When SpaceX chose a tiny, waterfront community at the southern tip of Texas in 2014 to house its newest facility, it said the consequences for residents would be manageable.
Public access in and around Boca Chica Village would be restricted on 12 launch days per year. Once a year, a night launch would illuminate homes and cause “significant” noise impacts. Those effects would be outweighed by the “hundreds of high-tech jobs,” business benefits and tourists that would come to the Texas site, SpaceX Chief Executive Elon Musk said in 2014.
But SpaceX’s plans have changed — and so too could the future of Boca Chica.
With the Texas facility now central to the company’s ambitions to land humans on Mars, the Hawthorne firm aims to expand its footprint in south Texas. That means buying out local residents.
For SpaceX, the expansion provides a secluded testing ground for its new Mars spaceship, as well as a private launch site where the company can work on its own terms and schedule. For residents, it’s a difficult bargain: a payout in exchange for giving up a life of peace and seclusion near the shores of the Gulf of Mexico.
“I really thought I would be able to stay until my last days,” said resident Maria Pointer, who lives close to the SpaceX facility and received a buyout offer.
Maria Pointer inside her Boca Chica home. (Miguel Roberts / Brownsville Herald)
Boca Chica Village is an unincorporated community located about 20 miles from the city of Brownsville. Satellite imagery shows there are about 35 houses in the area.
Water is trucked into the community once a month, and visits to a laundromat in Brownsville take about 30 minutes each way. Residents have bay views from their homes.
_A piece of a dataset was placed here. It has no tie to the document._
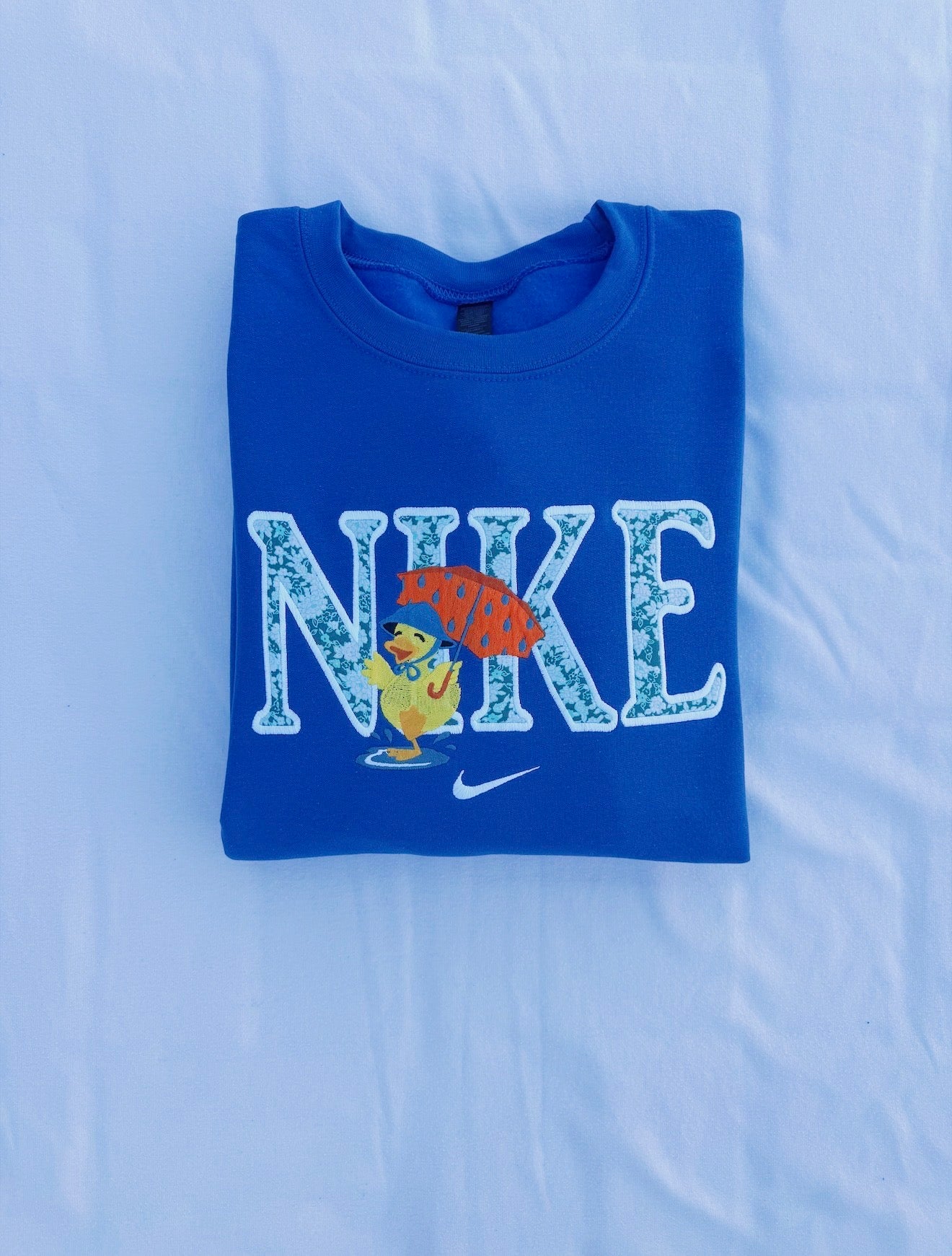 Rainy Duck Applique Crew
In a buyout letter dated Sept. 12 and delivered to residents via FedEx, SpaceX said “it has become clear that expansion of spaceflight activities as well as compliance with Federal Aviation Administration and other public safety regulations will make it increasingly more challenging to minimize disruption to residents of the Village.”
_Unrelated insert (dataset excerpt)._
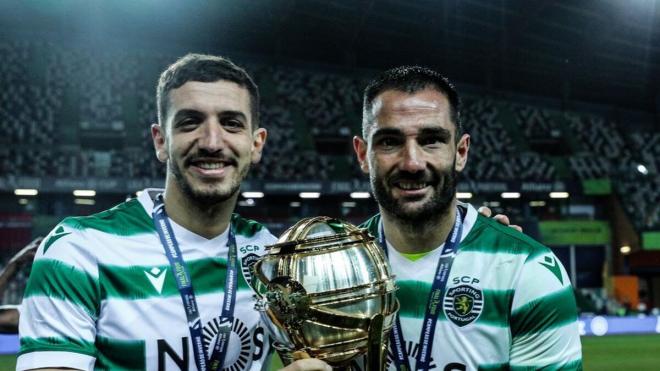 Adán y Feddal con el título que consiguieron de la Taça en Portugal.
Musk said as much Saturday during an unveiling of SpaceX’s Starship Mars spaceship prototype, telling the assembled crowd that SpaceX was working with the residents of Boca Chica Village because “over time, it’s going to be quite disruptive to living in Boca Chica Village because it will end up needing to get cleared for safety a lot of times.”
“I think the actual danger to Boca Chica Village is low, but it’s not tiny. We want super tiny risk,” Musk said. “Probably over time, better to buy out the villagers. And we’ve made an offer to that respect.”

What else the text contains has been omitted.